Source material START

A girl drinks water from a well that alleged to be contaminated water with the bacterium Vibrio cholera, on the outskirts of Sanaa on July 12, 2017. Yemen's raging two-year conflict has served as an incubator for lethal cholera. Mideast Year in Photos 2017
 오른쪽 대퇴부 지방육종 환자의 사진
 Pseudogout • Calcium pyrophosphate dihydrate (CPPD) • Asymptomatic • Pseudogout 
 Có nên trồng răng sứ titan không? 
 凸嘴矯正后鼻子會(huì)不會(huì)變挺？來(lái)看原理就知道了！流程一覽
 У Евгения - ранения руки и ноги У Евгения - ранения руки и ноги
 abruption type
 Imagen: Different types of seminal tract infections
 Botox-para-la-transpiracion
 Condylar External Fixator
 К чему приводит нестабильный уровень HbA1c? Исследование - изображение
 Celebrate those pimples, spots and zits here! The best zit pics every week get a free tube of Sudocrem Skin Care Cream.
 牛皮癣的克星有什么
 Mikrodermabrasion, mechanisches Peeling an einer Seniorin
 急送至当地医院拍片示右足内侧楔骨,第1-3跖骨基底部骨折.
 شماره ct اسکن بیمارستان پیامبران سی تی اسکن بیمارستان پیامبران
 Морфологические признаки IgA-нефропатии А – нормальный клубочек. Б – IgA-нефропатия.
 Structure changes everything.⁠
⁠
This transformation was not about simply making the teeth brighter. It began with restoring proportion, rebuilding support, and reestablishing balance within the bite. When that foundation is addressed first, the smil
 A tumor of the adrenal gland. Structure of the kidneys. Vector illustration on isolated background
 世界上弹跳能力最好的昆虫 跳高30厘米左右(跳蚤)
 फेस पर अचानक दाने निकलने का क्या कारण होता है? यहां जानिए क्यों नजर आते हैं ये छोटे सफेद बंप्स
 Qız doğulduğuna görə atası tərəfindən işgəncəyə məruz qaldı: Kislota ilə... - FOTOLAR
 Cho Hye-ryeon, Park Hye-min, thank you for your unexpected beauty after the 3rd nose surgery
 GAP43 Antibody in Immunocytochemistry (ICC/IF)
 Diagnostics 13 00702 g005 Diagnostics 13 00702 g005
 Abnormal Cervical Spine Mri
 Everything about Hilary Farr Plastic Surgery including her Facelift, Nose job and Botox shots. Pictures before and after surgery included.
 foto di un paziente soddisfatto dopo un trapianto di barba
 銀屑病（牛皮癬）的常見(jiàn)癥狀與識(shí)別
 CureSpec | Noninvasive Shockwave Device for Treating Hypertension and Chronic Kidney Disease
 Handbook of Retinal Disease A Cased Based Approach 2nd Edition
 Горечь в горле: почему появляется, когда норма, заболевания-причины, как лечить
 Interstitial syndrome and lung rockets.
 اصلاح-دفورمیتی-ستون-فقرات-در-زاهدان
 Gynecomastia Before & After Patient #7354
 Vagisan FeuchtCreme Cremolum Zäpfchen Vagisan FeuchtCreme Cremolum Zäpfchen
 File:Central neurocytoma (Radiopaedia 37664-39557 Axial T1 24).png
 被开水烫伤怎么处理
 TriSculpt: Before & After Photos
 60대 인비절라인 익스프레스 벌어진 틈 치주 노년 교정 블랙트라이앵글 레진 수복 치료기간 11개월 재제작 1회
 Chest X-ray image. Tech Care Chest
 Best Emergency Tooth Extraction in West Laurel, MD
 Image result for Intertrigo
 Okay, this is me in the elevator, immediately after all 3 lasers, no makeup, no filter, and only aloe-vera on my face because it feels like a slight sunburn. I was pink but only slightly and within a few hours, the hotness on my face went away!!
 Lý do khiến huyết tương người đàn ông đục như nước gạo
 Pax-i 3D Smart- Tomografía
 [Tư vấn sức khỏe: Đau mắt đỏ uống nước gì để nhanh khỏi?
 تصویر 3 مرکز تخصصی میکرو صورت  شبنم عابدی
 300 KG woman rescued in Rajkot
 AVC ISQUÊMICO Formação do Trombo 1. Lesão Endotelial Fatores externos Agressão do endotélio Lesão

Source material END

Set down all of the entries exactly, please.

A girl drinks water from a well that alleged to be contaminated water with the bacterium Vibrio cholera, on the outskirts of Sanaa on July 12, 2017. Yemen's raging two-year conflict has served as an incubator for lethal cholera. Mideast Year in Photos 2017
 오른쪽 대퇴부 지방육종 환자의 사진
 Pseudogout • Calcium pyrophosphate dihydrate (CPPD) • Asymptomatic • Pseudogout 
 Có nên trồng răng sứ titan không? 
 凸嘴矯正后鼻子會(huì)不會(huì)變挺？來(lái)看原理就知道了！流程一覽
 У Евгения - ранения руки и ноги У Евгения - ранения руки и ноги
 abruption type
 Imagen: Different types of seminal tract infections
 Botox-para-la-transpiracion
 Condylar External Fixator
 К чему приводит нестабильный уровень HbA1c? Исследование - изображение
 Celebrate those pimples, spots and zits here! The best zit pics every week get a free tube of Sudocrem Skin Care Cream.
 牛皮癣的克星有什么
 Mikrodermabrasion, mechanisches Peeling an einer Seniorin
 急送至当地医院拍片示右足内侧楔骨,第1-3跖骨基底部骨折.
 شماره ct اسکن بیمارستان پیامبران سی تی اسکن بیمارستان پیامبران
 Морфологические признаки IgA-нефропатии А – нормальный клубочек. Б – IgA-нефропатия.
 Structure changes everything.⁠
⁠
This transformation was not about simply making the teeth brighter. It began with restoring proportion, rebuilding support, and reestablishing balance within the bite. When that foundation is addressed first, the smil
 A tumor of the adrenal gland. Structure of the kidneys. Vector illustration on isolated background
 世界上弹跳能力最好的昆虫 跳高30厘米左右(跳蚤)
 फेस पर अचानक दाने निकलने का क्या कारण होता है? यहां जानिए क्यों नजर आते हैं ये छोटे सफेद बंप्स
 Qız doğulduğuna görə atası tərəfindən işgəncəyə məruz qaldı: Kislota ilə... - FOTOLAR
 Cho Hye-ryeon, Park Hye-min, thank you for your unexpected beauty after the 3rd nose surgery
 GAP43 Antibody in Immunocytochemistry (ICC/IF)
 Diagnostics 13 00702 g005 Diagnostics 13 00702 g005
 Abnormal Cervical Spine Mri
 Everything about Hilary Farr Plastic Surgery including her Facelift, Nose job and Botox shots. Pictures before and after surgery included.
 foto di un paziente soddisfatto dopo un trapianto di barba
 銀屑病（牛皮癬）的常見(jiàn)癥狀與識(shí)別
 CureSpec | Noninvasive Shockwave Device for Treating Hypertension and Chronic Kidney Disease
 Handbook of Retinal Disease A Cased Based Approach 2nd Edition
 Горечь в горле: почему появляется, когда норма, заболевания-причины, как лечить
 Interstitial syndrome and lung rockets.
 اصلاح-دفورمیتی-ستون-فقرات-در-زاهدان
 Gynecomastia Before & After Patient #7354
 Vagisan FeuchtCreme Cremolum Zäpfchen Vagisan FeuchtCreme Cremolum Zäpfchen
 File:Central neurocytoma (Radiopaedia 37664-39557 Axial T1 24).png
 被开水烫伤怎么处理
 TriSculpt: Before & After Photos
 60대 인비절라인 익스프레스 벌어진 틈 치주 노년 교정 블랙트라이앵글 레진 수복 치료기간 11개월 재제작 1회
 Chest X-ray image. Tech Care Chest
 Best Emergency Tooth Extraction in West Laurel, MD
 Image result for Intertrigo
 Okay, this is me in the elevator, immediately after all 3 lasers, no makeup, no filter, and only aloe-vera on my face because it feels like a slight sunburn. I was pink but only slightly and within a few hours, the hotness on my face went away!!
 Lý do khiến huyết tương người đàn ông đục như nước gạo
 Pax-i 3D Smart- Tomografía
 [Tư vấn sức khỏe: Đau mắt đỏ uống nước gì để nhanh khỏi?
 تصویر 3 مرکز تخصصی میکرو صورت  شبنم عابدی
 300 KG woman rescued in Rajkot
 AVC ISQUÊMICO Formação do Trombo 1. Lesão Endotelial Fatores externos Agressão do endotélio Lesão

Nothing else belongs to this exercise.